All is okay, but when enabling DHCP-Option 82 the performance drops immediately.
But the device have not to forward the DHCP-Pakets arrived on sfp1 to the CPU only Pakets that arrive on ether1 have to be redirected to CPU on Switch-Chip.
So activating DHCP-Option 82 should not have any impact on the bridging performance.
Mikrotik staff don’t regularly read this user forum, feature requests should be sent directly to them. Missing features with hardware offload are unlikely to be backported to older switch chips such as various Atheros/Qualcomm ones, the embedded switch in the MT7621A used by the hEX S may gain some as it the basically the same as that in the EN7562CT used by the new hEX refresh.

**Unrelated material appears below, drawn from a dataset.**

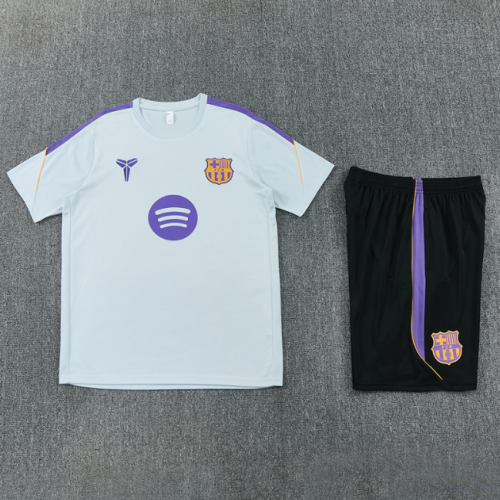 Barcelona 2026/2027 short sleeve and shorts tracksuit light blue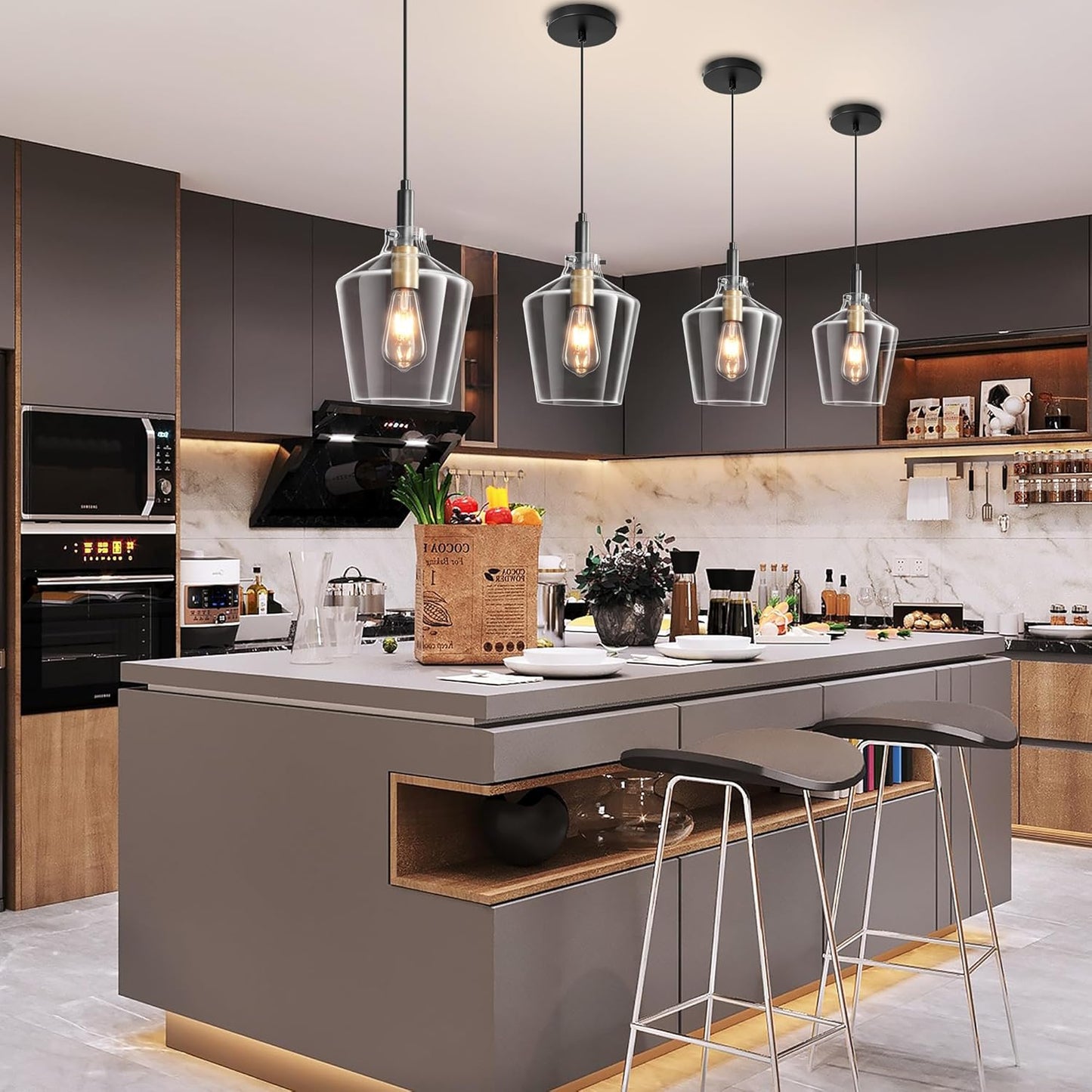 Modern Glass Pendant Lighting for Kitchen Island 2 Pack, Farmhouse Black and Gold Pendant Light Fixtures, Adjustable Hanging Ceiling Light, Angled Clear Glass Shades 8 Inch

You can see the list of products that contain each switch chip model, and which particular interfaces/ports are attached to those switch chips, right below the switch chip feature matrix.
Also, please note that for the devices with those switch chip (RB5009, CCR2004-16G-2S+, L009), although turning on DHCP Snooping keeps hardware offload on the bridge, it will however make fast path non-functional on the bridge, and it affects fasttrack too. If you have a WAN port outside of the bridge, then fasttrack would still be working for connections between the WAN port and the interfaces on the bridge (including VLANs), but both fast path and fasttrack will be ineffective for any traffic between members of the bridges (such as inter-VLAN traffic). I have first-hand experience with the issue.
Okay, but why is it okay with v6.69.6 ?
Activating DHCP-Snooping on v6.69.6 does not decrease speed to round about 300M.
The 849,70 MBit/s shown on that Screenshot is 100% of ISP-Speed.
Do note that it is still true in this screenshot that bridge fast path is not working…fast path counters in Bridge > Settings are all at 0. Also, no ports in the bridge are showing hardware-offload either. Finally, one of the four CPU virtual “cores” (threads) is nearly maxed out during the transfer.
It is interesting, though, that you have that much of a difference in forwarding performance between RouterOS 6 and 7 on the hEX S when using software bridge with no hardware offload and no fastpath.
Are you using exact identical config when comparing ROS 6 and 7 on the same device? If you take your hEX S running 6.49, and upgrade it to 7 and do not change the config at all, it drops down to 300 megs?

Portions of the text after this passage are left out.